Thursday, August 16, 2012

Exodus of minorities amid rising extremism in Pakistan


By Asif Aqeel, Director Center for Law and Justice, Lahore, Pakistan

The Pakistani nation was baffled by the news on Thursday, August 9, that 250 Hindus had been debarred from crossing into India by the Interior Ministry despite these folks had valid Indian visas. Interior Affairs Minister Rehman Malik appeared on TV channels and stated that the Indian embassy had “hatched a conspiracy” against Pakistan by issuing 250 visas to the Hindus. Malik, whose Senate membership was suspended by the Supreme Court over dual nationality but was restored when he revoked the U.K.’s citizenship, said that the Hindus could leave only after issued “no objection certificate”. The matter has got so much attention that the Indian parliament and Pakistani Parliament are discussing Hindus’ exodus from Pakistan.
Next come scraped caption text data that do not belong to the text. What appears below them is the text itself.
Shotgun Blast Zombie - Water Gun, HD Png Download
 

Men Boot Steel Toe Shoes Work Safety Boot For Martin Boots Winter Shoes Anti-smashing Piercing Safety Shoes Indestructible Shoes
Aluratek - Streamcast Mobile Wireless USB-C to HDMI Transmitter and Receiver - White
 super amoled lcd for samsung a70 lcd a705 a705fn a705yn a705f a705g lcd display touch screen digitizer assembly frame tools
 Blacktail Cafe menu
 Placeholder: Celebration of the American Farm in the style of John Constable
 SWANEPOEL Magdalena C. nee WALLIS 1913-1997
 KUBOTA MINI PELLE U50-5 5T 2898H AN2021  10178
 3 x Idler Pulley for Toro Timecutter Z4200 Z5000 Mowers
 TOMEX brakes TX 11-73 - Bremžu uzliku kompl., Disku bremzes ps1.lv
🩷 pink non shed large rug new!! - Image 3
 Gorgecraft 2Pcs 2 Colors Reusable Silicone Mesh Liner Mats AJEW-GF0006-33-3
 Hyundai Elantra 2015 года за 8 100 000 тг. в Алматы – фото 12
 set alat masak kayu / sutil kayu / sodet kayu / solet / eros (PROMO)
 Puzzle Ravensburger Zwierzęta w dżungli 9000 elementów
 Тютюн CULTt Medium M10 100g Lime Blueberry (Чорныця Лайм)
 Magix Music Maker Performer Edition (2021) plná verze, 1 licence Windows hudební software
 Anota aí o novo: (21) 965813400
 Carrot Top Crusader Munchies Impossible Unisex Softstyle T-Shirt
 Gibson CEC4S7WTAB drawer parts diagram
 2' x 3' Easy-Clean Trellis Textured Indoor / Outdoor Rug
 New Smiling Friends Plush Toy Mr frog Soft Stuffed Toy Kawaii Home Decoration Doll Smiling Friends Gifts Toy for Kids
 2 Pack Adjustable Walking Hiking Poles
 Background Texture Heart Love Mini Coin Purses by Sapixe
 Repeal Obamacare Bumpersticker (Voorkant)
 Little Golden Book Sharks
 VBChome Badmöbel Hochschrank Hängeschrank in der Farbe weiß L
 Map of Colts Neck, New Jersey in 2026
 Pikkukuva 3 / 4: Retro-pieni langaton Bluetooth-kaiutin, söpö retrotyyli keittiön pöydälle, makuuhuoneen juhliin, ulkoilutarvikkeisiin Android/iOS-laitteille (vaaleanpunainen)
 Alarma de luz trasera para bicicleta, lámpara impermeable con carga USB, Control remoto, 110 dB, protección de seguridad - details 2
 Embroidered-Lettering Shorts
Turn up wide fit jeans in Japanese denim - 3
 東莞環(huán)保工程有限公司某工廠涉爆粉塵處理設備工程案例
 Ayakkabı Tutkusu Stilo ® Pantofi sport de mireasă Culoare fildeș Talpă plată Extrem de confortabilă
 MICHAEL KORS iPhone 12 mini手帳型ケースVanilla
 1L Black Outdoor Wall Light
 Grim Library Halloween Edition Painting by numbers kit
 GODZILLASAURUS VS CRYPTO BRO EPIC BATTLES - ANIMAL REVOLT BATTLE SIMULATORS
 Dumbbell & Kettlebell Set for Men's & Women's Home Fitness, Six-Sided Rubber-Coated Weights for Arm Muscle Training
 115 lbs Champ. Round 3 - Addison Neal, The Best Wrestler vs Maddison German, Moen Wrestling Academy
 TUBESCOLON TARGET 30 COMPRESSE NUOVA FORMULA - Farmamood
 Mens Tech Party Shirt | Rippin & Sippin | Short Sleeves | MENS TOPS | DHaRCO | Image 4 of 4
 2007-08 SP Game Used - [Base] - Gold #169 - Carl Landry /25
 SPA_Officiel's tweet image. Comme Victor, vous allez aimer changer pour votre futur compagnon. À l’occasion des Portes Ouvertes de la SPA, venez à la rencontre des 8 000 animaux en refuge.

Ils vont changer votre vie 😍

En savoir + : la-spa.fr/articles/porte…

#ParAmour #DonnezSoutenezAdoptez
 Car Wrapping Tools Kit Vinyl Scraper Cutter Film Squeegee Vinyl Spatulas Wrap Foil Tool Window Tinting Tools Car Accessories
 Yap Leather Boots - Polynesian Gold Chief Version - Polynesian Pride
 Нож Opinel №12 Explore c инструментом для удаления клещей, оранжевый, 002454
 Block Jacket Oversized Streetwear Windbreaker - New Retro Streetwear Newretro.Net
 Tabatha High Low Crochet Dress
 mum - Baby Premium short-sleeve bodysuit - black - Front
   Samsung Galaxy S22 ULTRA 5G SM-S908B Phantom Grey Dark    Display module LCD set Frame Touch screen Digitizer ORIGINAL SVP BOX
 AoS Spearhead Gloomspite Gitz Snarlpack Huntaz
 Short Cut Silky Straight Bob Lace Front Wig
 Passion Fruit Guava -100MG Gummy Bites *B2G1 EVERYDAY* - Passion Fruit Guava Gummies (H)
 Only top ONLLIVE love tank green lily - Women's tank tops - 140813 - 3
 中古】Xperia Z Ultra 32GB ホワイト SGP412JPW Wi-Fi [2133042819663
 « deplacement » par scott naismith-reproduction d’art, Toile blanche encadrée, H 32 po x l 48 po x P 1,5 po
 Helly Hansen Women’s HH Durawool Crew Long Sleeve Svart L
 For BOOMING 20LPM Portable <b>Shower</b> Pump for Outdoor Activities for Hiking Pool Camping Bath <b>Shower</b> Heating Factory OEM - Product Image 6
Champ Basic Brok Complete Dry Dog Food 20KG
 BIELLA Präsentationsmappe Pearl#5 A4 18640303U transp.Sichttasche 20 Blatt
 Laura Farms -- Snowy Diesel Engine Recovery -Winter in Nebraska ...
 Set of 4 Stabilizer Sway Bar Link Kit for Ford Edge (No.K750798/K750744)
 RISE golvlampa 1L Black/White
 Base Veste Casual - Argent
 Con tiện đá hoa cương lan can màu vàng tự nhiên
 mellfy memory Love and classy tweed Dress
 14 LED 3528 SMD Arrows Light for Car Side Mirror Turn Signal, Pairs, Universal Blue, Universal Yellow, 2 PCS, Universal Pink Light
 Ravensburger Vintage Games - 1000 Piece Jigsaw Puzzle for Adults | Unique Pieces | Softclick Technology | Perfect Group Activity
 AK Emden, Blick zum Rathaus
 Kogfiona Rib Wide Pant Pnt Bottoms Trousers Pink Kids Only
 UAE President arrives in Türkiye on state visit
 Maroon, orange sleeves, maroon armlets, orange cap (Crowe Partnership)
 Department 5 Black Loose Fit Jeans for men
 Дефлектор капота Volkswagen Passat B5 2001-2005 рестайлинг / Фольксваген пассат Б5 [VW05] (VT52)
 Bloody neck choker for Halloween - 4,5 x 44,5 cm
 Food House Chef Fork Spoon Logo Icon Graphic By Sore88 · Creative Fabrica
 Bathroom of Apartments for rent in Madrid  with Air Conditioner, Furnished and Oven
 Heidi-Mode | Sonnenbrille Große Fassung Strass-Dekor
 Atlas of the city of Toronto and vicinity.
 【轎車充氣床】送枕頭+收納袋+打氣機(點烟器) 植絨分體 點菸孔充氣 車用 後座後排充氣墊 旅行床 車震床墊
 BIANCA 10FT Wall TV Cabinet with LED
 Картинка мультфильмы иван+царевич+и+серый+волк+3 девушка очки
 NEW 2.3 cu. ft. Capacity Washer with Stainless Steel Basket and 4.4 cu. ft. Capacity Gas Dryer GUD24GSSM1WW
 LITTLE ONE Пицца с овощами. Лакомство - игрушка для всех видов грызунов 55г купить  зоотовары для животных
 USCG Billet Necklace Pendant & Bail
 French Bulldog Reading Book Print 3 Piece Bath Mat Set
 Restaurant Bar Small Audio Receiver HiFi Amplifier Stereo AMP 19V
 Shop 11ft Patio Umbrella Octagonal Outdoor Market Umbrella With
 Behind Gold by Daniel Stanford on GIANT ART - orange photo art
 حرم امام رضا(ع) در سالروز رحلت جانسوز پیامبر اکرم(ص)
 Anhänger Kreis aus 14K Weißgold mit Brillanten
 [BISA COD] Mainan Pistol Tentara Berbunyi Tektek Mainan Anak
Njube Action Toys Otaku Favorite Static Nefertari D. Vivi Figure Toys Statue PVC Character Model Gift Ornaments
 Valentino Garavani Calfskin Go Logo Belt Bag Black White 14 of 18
Before these Hindus were allowed to cross the Indo-Pak border, they shared their woes with the Pakistani media. They said that “their shops were looted, their houses were raided by unknown men and their women were forcefully converted” to Islam in the province of Sindh. These stopped Hindus held a protest after which the Pakistani government allowed them to cross over to India the next day. This embarrassing news made the Sindh Chief Minister Kaim Ali Shah and President of Pakistan Asif Ali Zardari take notice of the incident. A presidential inquiry committee was set up to end plight of Hindus. There is very little hope that the committee’s recommendations would bring any change that could halt exodus of religious minorities. In 2009 the Pakistani government set up a judicial commission to inquire the Gojra attacks in which dozens of houses of the Christians were set alight and eight Christians were killed. The judicial report identified responsible elements and also suggested amendments in the blasphemy laws. Alas! To this day, no attention has been paid to the judicial commission’s recommendations. The outcome of this presidential inquiry can be assessed from the fact that Malik’s Federal Investigation Agency (FIA) has submitted its report that no exodus of Hindus is taking place and the Hindu lackeys in the government have also denied any migration of Hindus.

Rather than taking note of flight of 250 Hindus, the government should identify and mitigate the migration push factors that force minorities to leave the country. There are roughly 200 million Muslims living in India but their migration to Pakistan is almost non-existent. It is religious intolerance which just does not scare religious minorities but even Muslims, especially those belonging to the minority sects.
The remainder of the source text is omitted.